Exercise data »
============

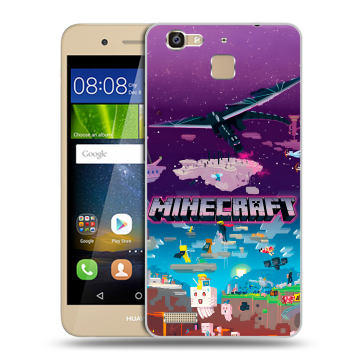 Пластиковый чехол на Huawei GR3 с принтом Майнкрафт Minecraft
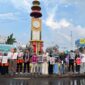 AJI Bandar Lampung ketika melakukan aksi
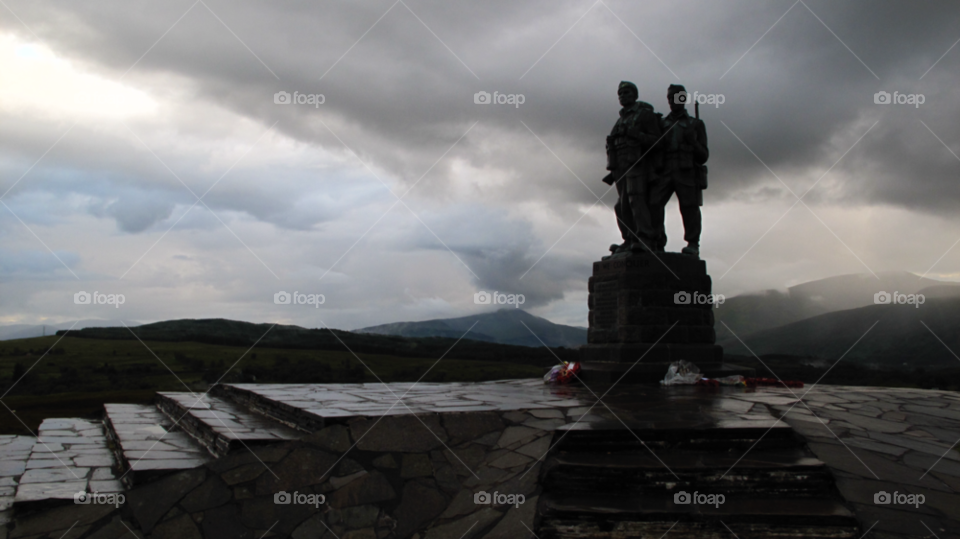 scotland heroes british army commandos memorial by darloandy1963
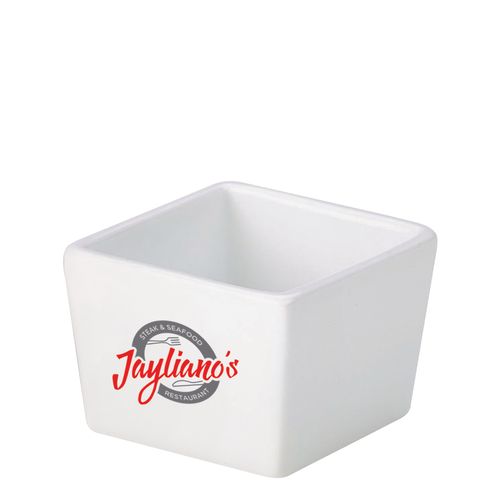 Ceramic Square Dish (6cm) Ceramic Square Dish (6cm)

============

Exercise instructions »
Take the lines from the one holding "AJI Bandar Lampung ketika melakukan aksi" through the last line of the data above and copy them exactly, both ends included, omitting all pictures.

Solution »
 AJI Bandar Lampung ketika melakukan aksi
 scotland heroes british army commandos memorial by darloandy1963
 Ceramic Square Dish (6cm) Ceramic Square Dish (6cm)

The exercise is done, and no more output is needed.